A Not So Silent Night (Gerard Schmidt, 2009) - Well that was extremely disappointing. I had high hopes for this December 2008 Christmas concert from the McGarrigle clan – Kate, her sister Anna, her children Rufus and Martha Wainwright, and assorted relatives – but it’s just completely shambolic: not in the charming, ramshackle manner it might have been, but in a crowded-stage, everyone-singing-from-sheet-music, Anna’s-lost-her-voice, tons-of-tuneless-guest-stars kind of way. Occasionally it does spark into life, with Lily Lanken kicking arse on 'Cherry Tree Carol', Rufus doing a heartbreaking 'What Are You Doing New Year’s Eve', and Martha singing 'I’ll Be Home for Christmas' with a crack in her voice, before a storming, punk-inflected Christmas Wrapping (the effect is of Greta Gerwig playing Patti Smith and just as wonderful as that sounds), but four songs out of 24 isn’t a great success rate, and the direction is lifeless and witless, fading out between songs to ensure that we don’t hear any cheering or really feel like we’re there. (2)

See also: I wrote about the obscure McGarrigles documentary from 1982 here.

***

BOOKS

I was reading lots of kids' books to help me pitch my own novel for eight to 12-year-olds (no, nothing yet, though Miranda Hart has a book deal).

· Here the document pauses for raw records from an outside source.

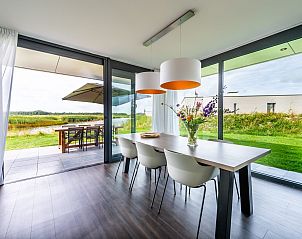 Eethoek met bloemen in Waterlijn 42 | De Groote Duynen, Kamperland, vakantiehuis met uitzicht op de tuin in Noord-Beveland, Zeeland.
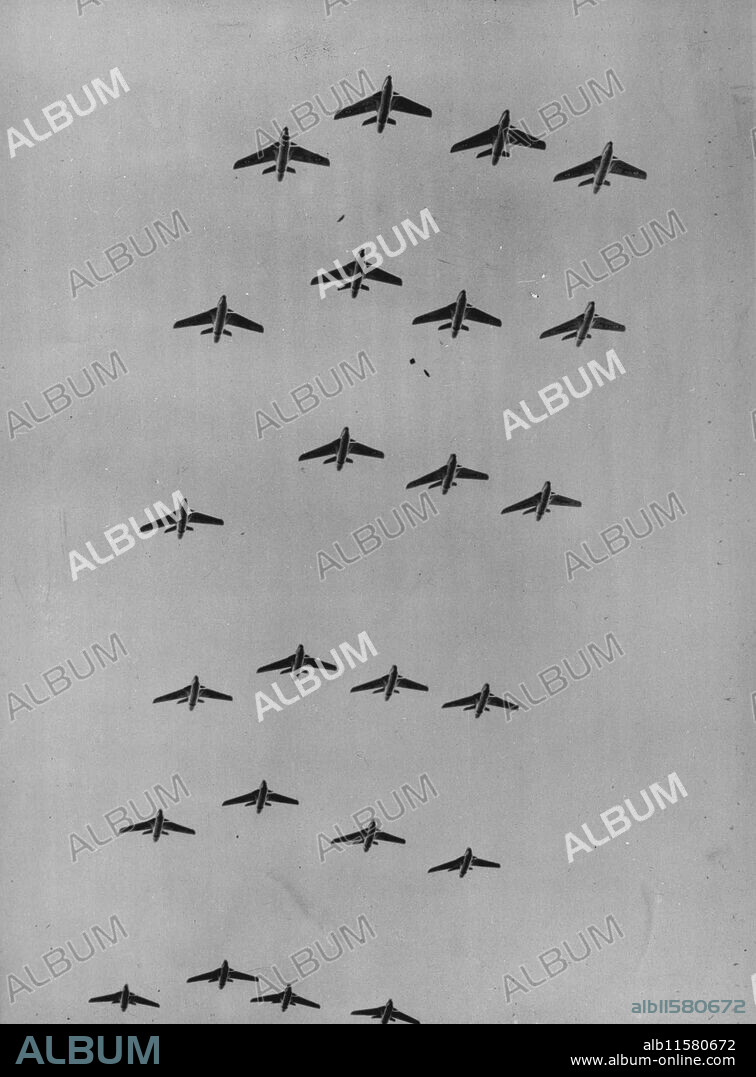 Hawker Hunters In Service With R.A.F. -- A general view taken from the ground of Hawker Hunter jet fighters in flight.Three squadrons of Fighter Command Royal Air Force are now fully equipped with Hawker Hunter jet fighters. One of them is the R.A.F. Station at Wittisham, Suffolk. The Hawker Hunter is a single seat day fighter. The Mark 1 is powered by a single Rolls Royal Avon turbijet, and the Mark 2 by an Armstrong Siddaley Sapphire. The Hunter is a swept-back mid-wing monoplane, the moderate wing loading and high power loading ensure and is very mandeuvrable at high altitudes where trans-sonic speeds may be attained in dives of relatively shallow angle. February 16, 1955.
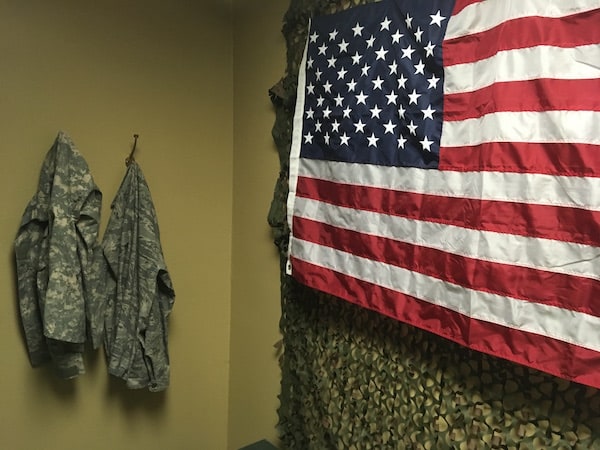 In-game: A pair of camo jackets beside an american flag.
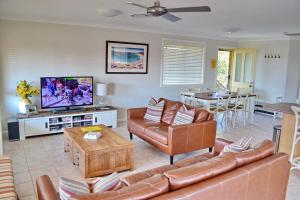 a living room with a couch and a tv at Carrington 6 in South West Rocks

Timecatcher by Marie Louise Fitzpatrick (2010) - An enjoyable, flavourful children's book, set in a Dublin-button-factory-turned-detective-agency, about a lonely girl who becomes involved with ghosts and a time travel portal. The writing is mediocre, relying on cliché and with a dubious understanding of how modern children talk, but the plot is exceptional, with a succession of brilliant twists and a most satisfying conclusion. (3)



Dead Man's Cove by Lauren St John (2010) - A magical detective story with a rich sea-swept atmosphere, in which 11-year-old heroine Laura Marlin finds her first permanent home − in St Ives, with a mysterious, brooding uncle − while pursuing a mystery just as dark and fascinating as the novels that have given her such welcome escape. It was sold with Blyton comparisons but aside from the title, a couple of minor plot elements and a helpful canine companion, it's not very similar and indeed dynamically subverts such expectations, while creating a gripping plot, an endearingly imperfect protagonist and the welcome promise of much more to come. There's one development near the close that I found simply too twee and clichéd, but for the most part it's an absolute winner. (3.5)



Kidnap in the Caribbean by Lauren St John (2011) - A dire sequel to the delightful Dead Man's Cove, which seems to have been written in one hell of a hurry. Laura Marlin is tricked into attending a pleasure cruise to Antigua, and from there on in it's all predictable plot-twists, painful expository dialogue and interminable polemicising about why we should protect sealife. Don't get me wrong, we should, but not like this. (1.5)



Skellig by David Almond (1998) - This short, simply-plotted story about a boy who finds a mysterious, winged man in his garage has a deceptive emotional impact. Some of that's down to Almond putting a seriously ill baby in the centre of his story - not perhaps the most subtle way of pulling at our heartstrings - but even if I'm not quite sure that Skellig is the unassailable, timeless classic it's often painted as, there's something special about it, in its intuitive understanding of childhood emotion, the author's graceful, spare and precise prose (when it isn't just going on about dead bluebottles again), and an agreeable lack of sentiment in its treatment of the titular character. (3)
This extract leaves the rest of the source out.